Notes. Opgenomen datasets binnen de ADHD-groep reiken van n = 20-25 en in zijn controlegroep van n = 24-25. Binnen de IUD-groep reiken de opgenomen datasets van n = 20-25 en in zijn controlegroep van 24 tot 25. De grijs gearceerde gebieden vertegenwoordigen de statistische vergelijking tussen de respectievelijke klinische en controlegroep. De laatste kolom vertegenwoordigt de statistische vergelijking tussen beide klinische groepen. ADHD: aandachtstekortstoornis met hyperactiviteit; IUD: internetgebruiksstoornis; ISS: Internetsuchtskala; WURS-k: Wender Utah Rating Scale; CAARS: Conners 'volwassen ADHD-beoordelingsschalen; BDI: Beck Depression Inventory; SCL-90-R: Symptom-checklist-90 - Herzien; GSI: Global Severity Index; PST: positief symptoom totaal; MWT-B: meerkeuzetest voor woordenschatintelligentie; SD: standaardafwijking; ns: niet significant.

*p <.01. **p <.001.

vragenlijsten

Algemene vragenlijst

De algemene vragenlijst was specifiek bedoeld voor de onderzoeken. Het eerste deel bevatte vragen met betrekking tot demografische informatie over partnerschap, opleiding en beroep. Daarnaast werd de deelnemers gevraagd reeds bestaande ziektes en eerdere behandelingen te melden. Het tweede deel was bedoeld om het gedrag van mediagebruik te beoordelen. Hier konden deelnemers hun mediagebruik specificeren in termen van inhoud, frequentie en duur. Bovendien werden ze gevraagd naar motiverende en appetijtelijke aspecten met betrekking tot hun mediagebruik en als ze zichzelf uiteindelijk beschouwden als verslaafd aan een specifiek mediagebruik.

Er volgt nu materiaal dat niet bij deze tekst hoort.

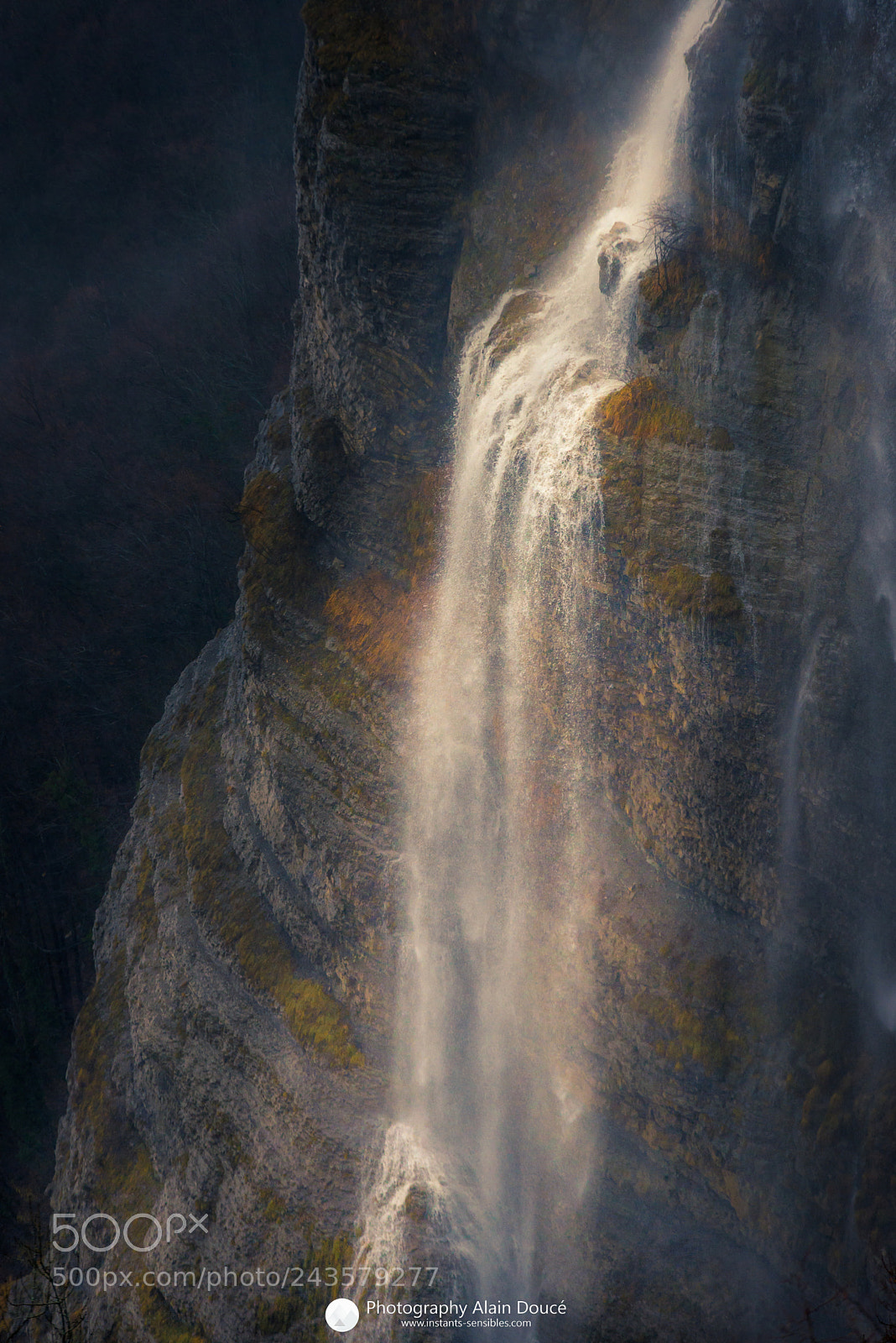 Nikon D610 sample photo. Cascade de l'oule photo photography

DSM-IV zelfbeoordelingsschaal voor ADHD

De DSM-IV-lijst met symptomen is een retrospectief instrument voor de diagnose van ADHD bij kinderen en adolescenten. Kort gezegd, het is een aanpassing van de diagnostische criteria van de DSM-IV (American Psychiatric Association, 2000). Het bestaat uit 18-items die zijn onderverdeeld in de klinische domeinen van onoplettendheid (negen items), hyperactiviteit (zes items) en impulsiviteit (drie items). De tool maakt het mogelijk een diagnose te stellen van het gemengde, voornamelijk onoplettende of voornamelijk hyperactieve subtype van ADHD. Om ADHD te diagnosticeren, zijn ten minste zes van de negen symptomen consistent aanwezig voor 6 maanden in de leeftijd van 6-12 jaar. Met een directe aanpassing van de DSM-IV-criteria, vertoont dit instrument een hoge criteriumvaliditeit.

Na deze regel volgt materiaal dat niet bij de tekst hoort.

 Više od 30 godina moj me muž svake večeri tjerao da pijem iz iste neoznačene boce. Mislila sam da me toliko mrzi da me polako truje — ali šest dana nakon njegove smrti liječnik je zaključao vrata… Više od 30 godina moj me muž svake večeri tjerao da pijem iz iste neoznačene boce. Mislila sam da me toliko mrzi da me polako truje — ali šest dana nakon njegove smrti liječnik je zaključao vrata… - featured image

Wender Utah Rating Scale (WURS-k)

De Wender Utah Rating Scale (WURS) is een populair hulpmiddel voor de retrospectieve dimensionale beoordeling van ADHD in de kindertijd bij volwassenen en wordt in deze context veel gebruikt. Retz-Junginger et al. (2002) ontwikkelde een Duitse korte versie (WURS-k) van de WURS met 25-items die een economische retrospectieve beoordeling van ADHD-symptomen in de kindertijd vertegenwoordigt. Deelnemers ontvangen een lijst met verklaringen van waaruit ze moeten beoordelen hoe sterk een beschreven gedrag, kenmerk of probleem is uitgesproken in de leeftijd tussen 8 en 10 (bijv. Als kind tussen 8 en 10 had ik moeite me te concentreren of was ik gemakkelijk afgeleid). Hier kunnen reacties worden gegeven op een 5-punt Likert-schaal variërend van [0] niet van toepassing op [4] sterk uitgesproken. Voor de algemene score geeft een afkapping van 30-punten een reeds bestaande ADHD in de kindertijd aan. De korte versie toonde bevredigende psychometrische eigenschappen in termen van factorstructuur, betrouwbaarheid (split-half: r12 = .85) en interne consistentie (α = 0.91) (Retz-Junginger et al., 2003).

Conners 'ADHD-beoordelingsschalen voor volwassenen (CAARS)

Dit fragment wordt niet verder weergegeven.